The entries that follow must be written out exactly, without any of the pictures they contain.

Web page caption snippets:
--- START ---

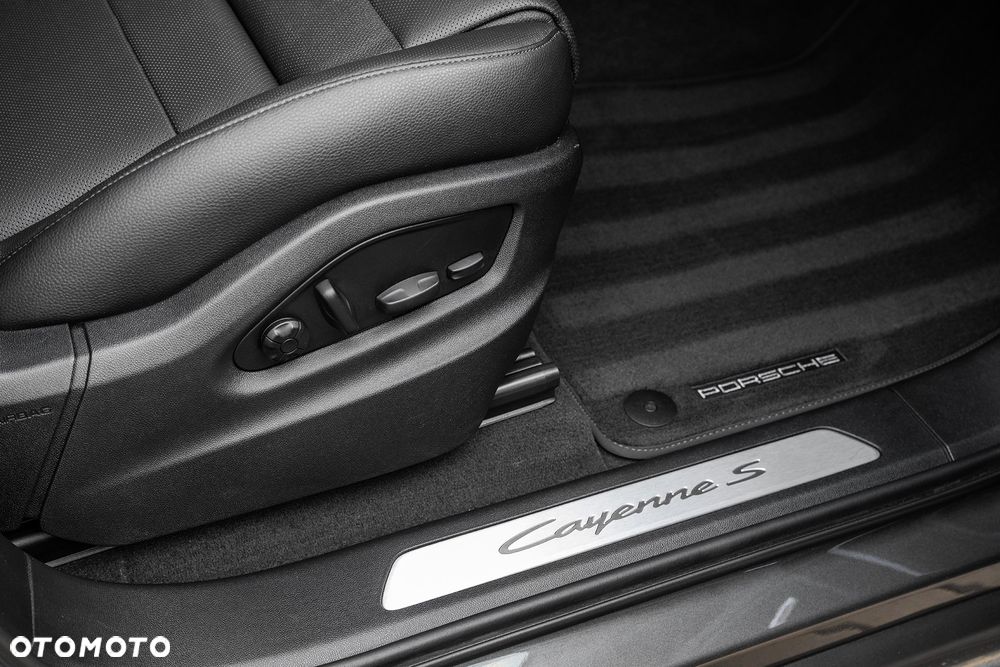 Porsche Cayenne - 21
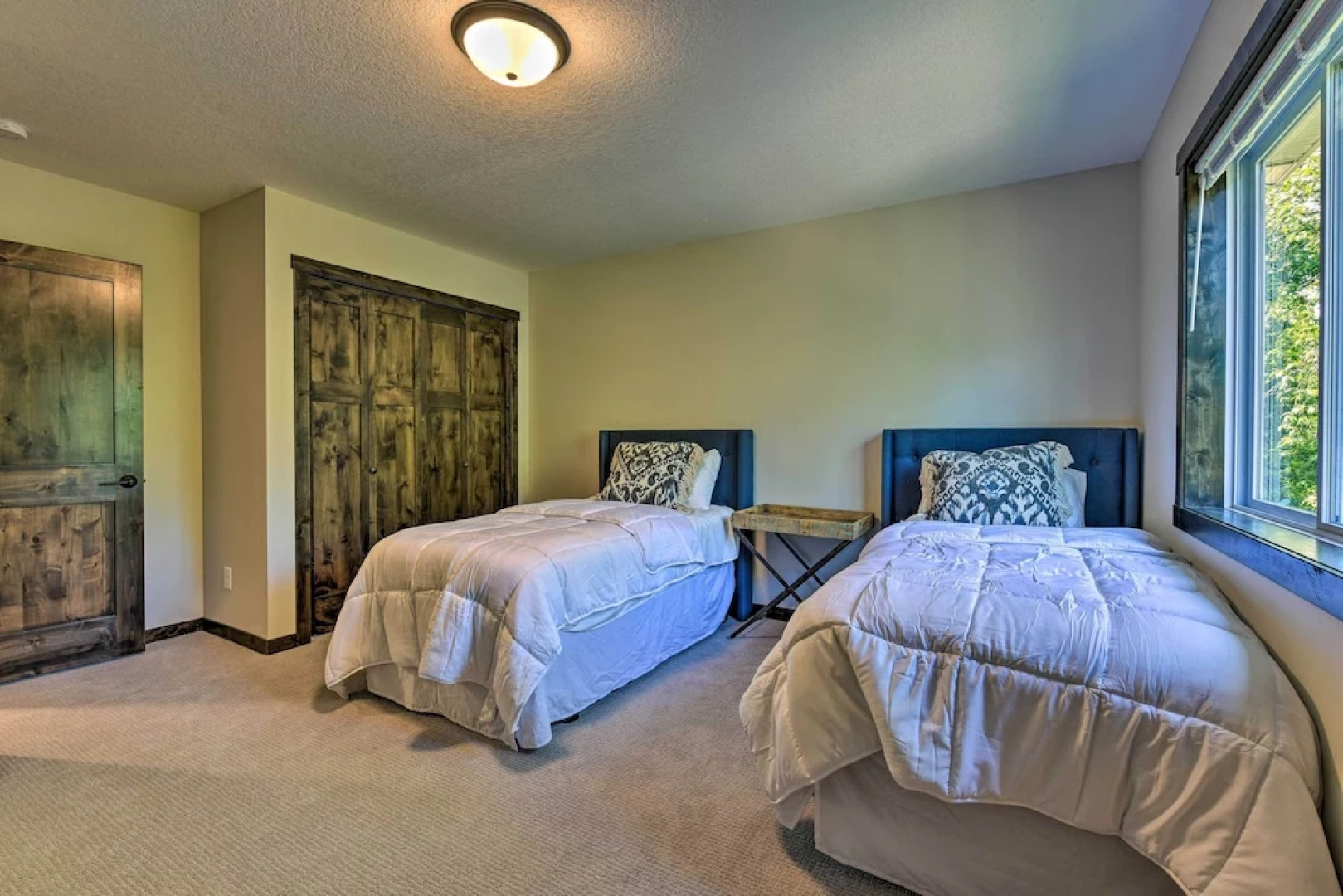 Modern Nisswa Escape w/ Deck: Walk to Gull Lake!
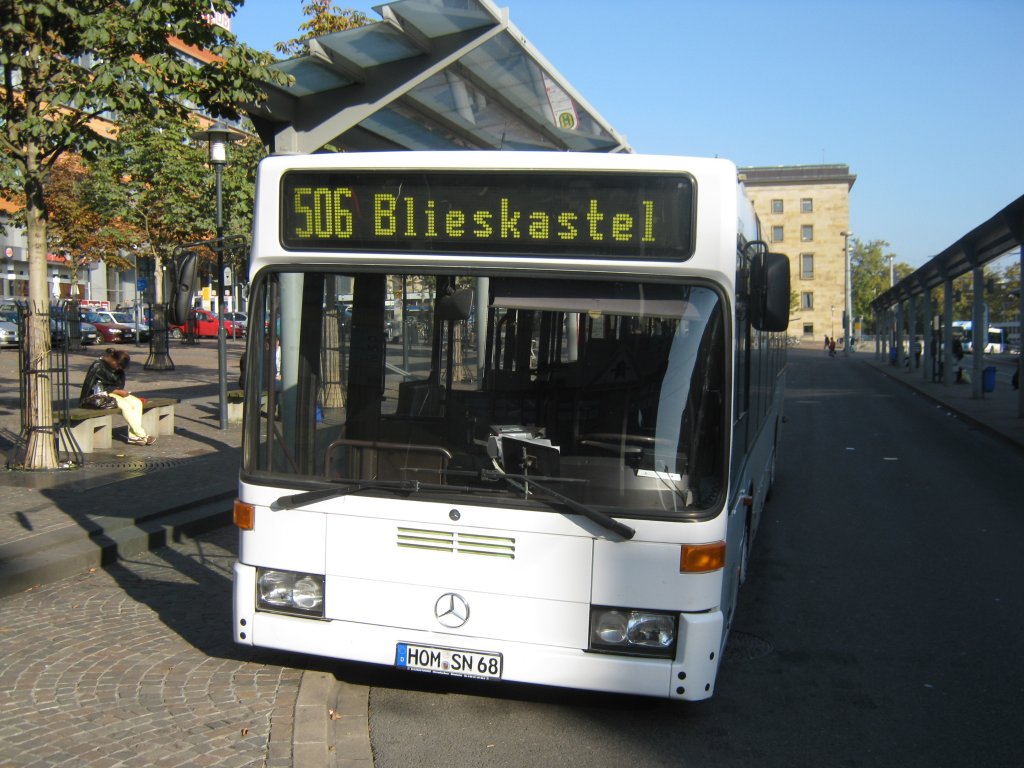 Mercedes Benz Bus der Firma Mandelbachtal Reisen. Das Foto habe ich am 09.10.2010 in Saarbrcken gemacht.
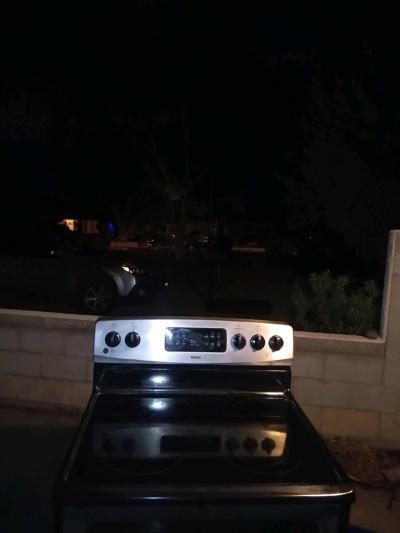 KENMORE ELECTRIC STOVE - Thumbnail 3
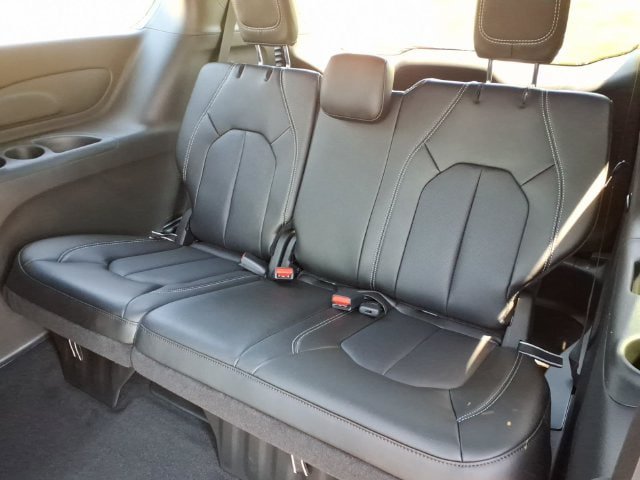 New 2027 Chrysler Pacifica Select AWD/4WD image 12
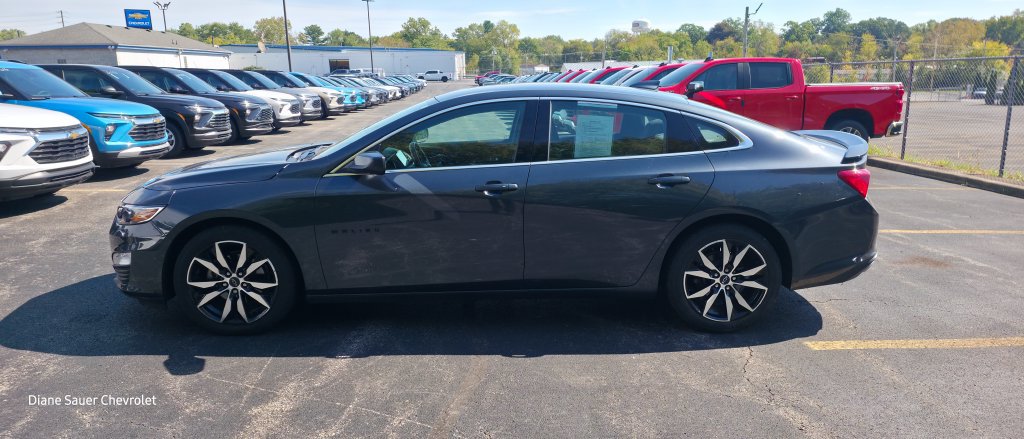 Used 2021 Chevrolet Malibu RS FWD image 3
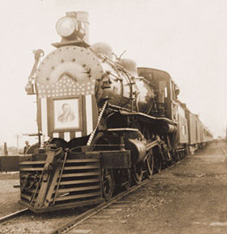 PRESIDENT ROOSEVELT'S  SPECIAL TRAIN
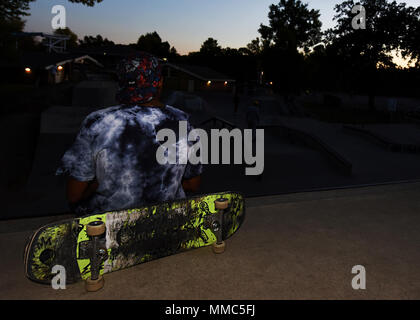 Navigant de première classe DuBois Toy, 5e Escadron de préparation logistique responsable du véhicule, prend une pause veillant sur le skate park de Minot Roosevelt Park le 21 septembre 2017. Toy exprime sa passion pour la planche à roulettes en patinant au travail tous les jours. (U.S. Air Force photo par un membre de la 1re classe J. Dillon vérification) Banque D'Images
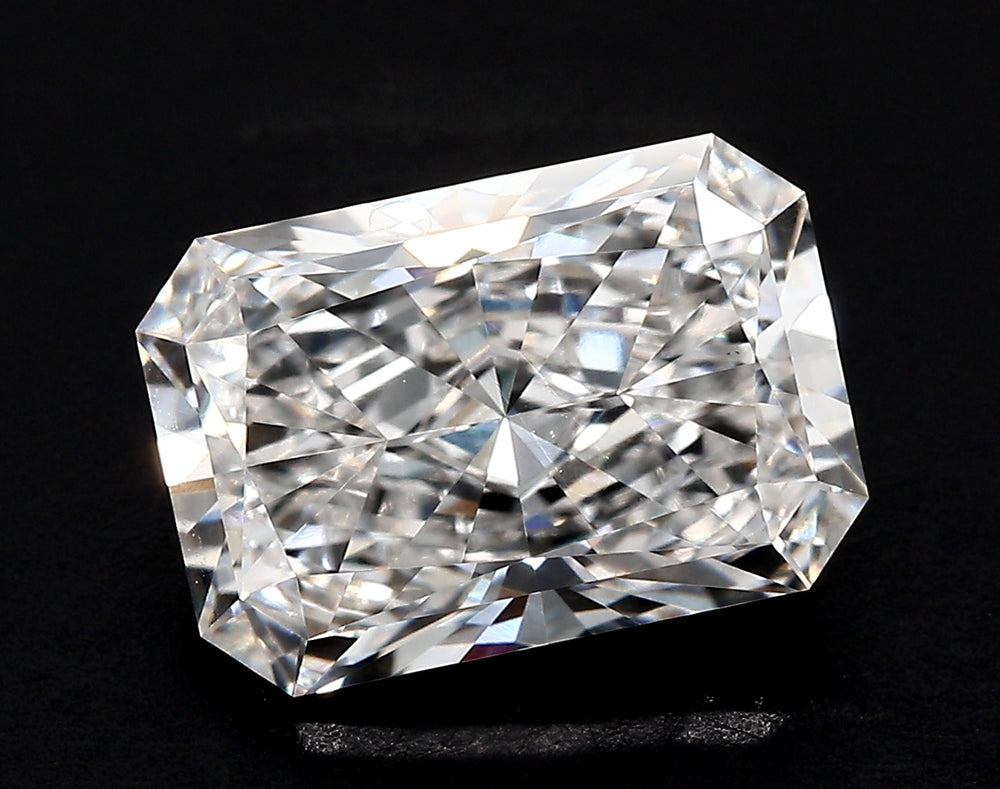 3.1 Carat Radiant Lab Diamond with  Cut Diamond in 14KT  view 1
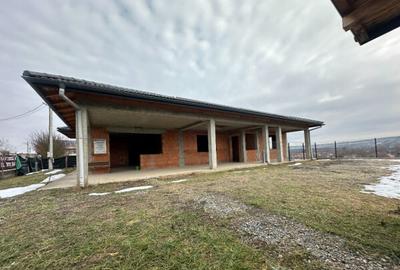 Casă cu 4 camere cu Teren 1800 Mp în Central - 5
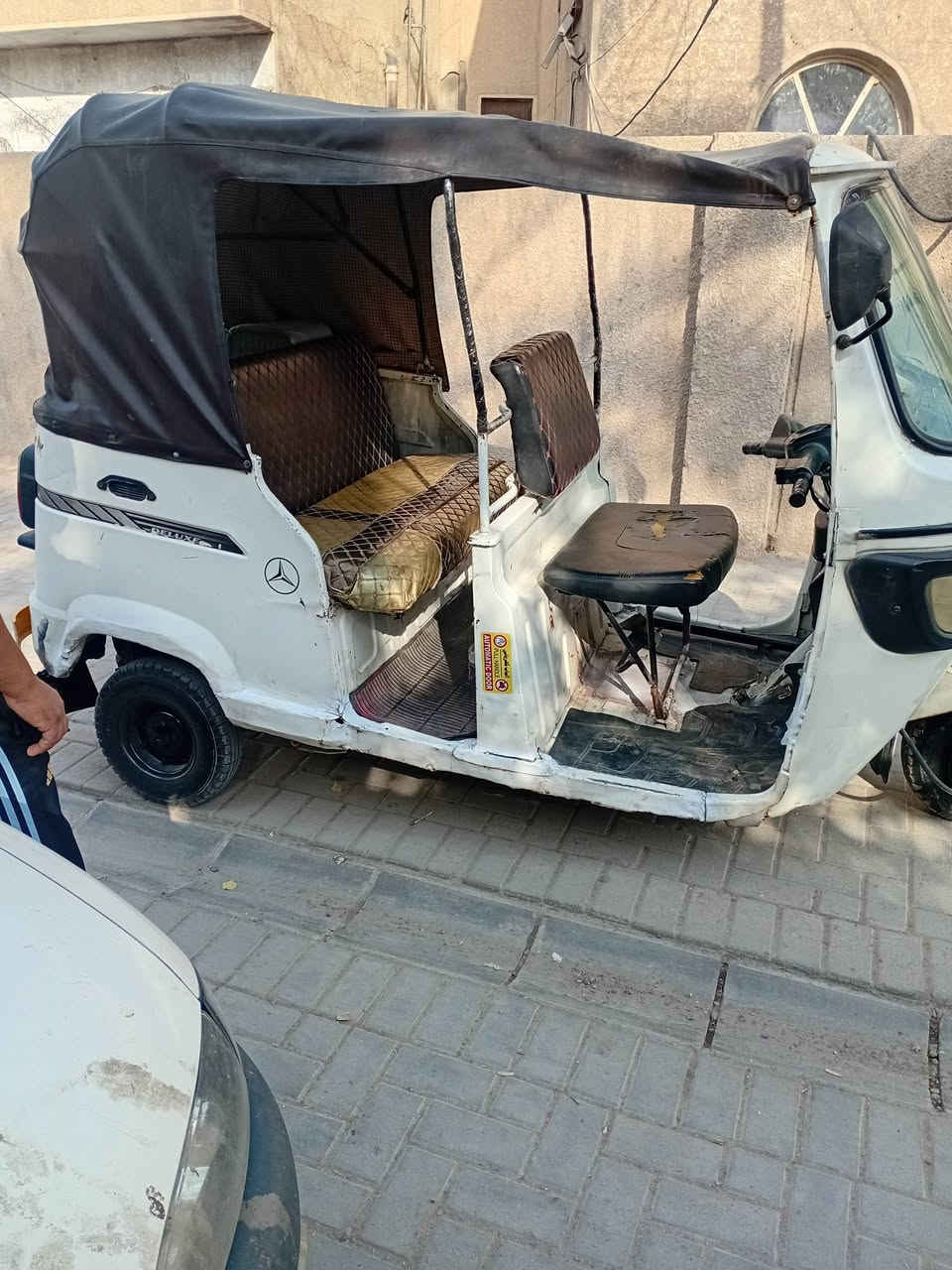 موديل ١٧  مكينه٢٢ تكتك جاهزه كل نقص مابيه سعر ٢٣٠٠ مكان البياع شرطه الخامسه ***********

--- END ---

**Reply**
 Porsche Cayenne - 21
 Modern Nisswa Escape w/ Deck: Walk to Gull Lake!
 Mercedes Benz Bus der Firma Mandelbachtal Reisen. Das Foto habe ich am 09.10.2010 in Saarbrcken gemacht.
 KENMORE ELECTRIC STOVE - Thumbnail 3
 New 2027 Chrysler Pacifica Select AWD/4WD image 12
 Used 2021 Chevrolet Malibu RS FWD image 3
 PRESIDENT ROOSEVELT'S  SPECIAL TRAIN
 Navigant de première classe DuBois Toy, 5e Escadron de préparation logistique responsable du véhicule, prend une pause veillant sur le skate park de Minot Roosevelt Park le 21 septembre 2017. Toy exprime sa passion pour la planche à roulettes en patinant au travail tous les jours. (U.S. Air Force photo par un membre de la 1re classe J. Dillon vérification) Banque D'Images
 3.1 Carat Radiant Lab Diamond with  Cut Diamond in 14KT  view 1
 Casă cu 4 camere cu Teren 1800 Mp în Central - 5
 موديل ١٧  مكينه٢٢ تكتك جاهزه كل نقص مابيه سعر ٢٣٠٠ مكان البياع شرطه الخامسه ***********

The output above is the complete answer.